_Exercise goal:_ Retype every line of the data, keeping each word exactly.

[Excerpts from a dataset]
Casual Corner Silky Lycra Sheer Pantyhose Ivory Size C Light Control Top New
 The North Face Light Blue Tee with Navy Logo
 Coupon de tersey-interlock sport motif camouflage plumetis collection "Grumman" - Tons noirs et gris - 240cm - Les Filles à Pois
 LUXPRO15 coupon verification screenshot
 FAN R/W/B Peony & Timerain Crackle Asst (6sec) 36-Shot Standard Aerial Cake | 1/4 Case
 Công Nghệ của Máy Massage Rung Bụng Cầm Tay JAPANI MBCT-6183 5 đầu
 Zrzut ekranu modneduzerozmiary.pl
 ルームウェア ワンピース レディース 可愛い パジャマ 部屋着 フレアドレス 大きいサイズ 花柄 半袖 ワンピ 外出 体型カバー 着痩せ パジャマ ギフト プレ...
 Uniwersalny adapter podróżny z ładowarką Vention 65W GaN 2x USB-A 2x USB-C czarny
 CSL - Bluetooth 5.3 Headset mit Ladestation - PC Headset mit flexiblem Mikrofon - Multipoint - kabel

_The answer:_
Casual Corner Silky Lycra Sheer Pantyhose Ivory Size C Light Control Top New
 The North Face Light Blue Tee with Navy Logo
 Coupon de tersey-interlock sport motif camouflage plumetis collection "Grumman" - Tons noirs et gris - 240cm - Les Filles à Pois
 LUXPRO15 coupon verification screenshot
 FAN R/W/B Peony & Timerain Crackle Asst (6sec) 36-Shot Standard Aerial Cake | 1/4 Case
 Công Nghệ của Máy Massage Rung Bụng Cầm Tay JAPANI MBCT-6183 5 đầu
 Zrzut ekranu modneduzerozmiary.pl
 ルームウェア ワンピース レディース 可愛い パジャマ 部屋着 フレアドレス 大きいサイズ 花柄 半袖 ワンピ 外出 体型カバー 着痩せ パジャマ ギフト プレ...
 Uniwersalny adapter podróżny z ładowarką Vention 65W GaN 2x USB-A 2x USB-C czarny
 CSL - Bluetooth 5.3 Headset mit Ladestation - PC Headset mit flexiblem Mikrofon - Multipoint - kabel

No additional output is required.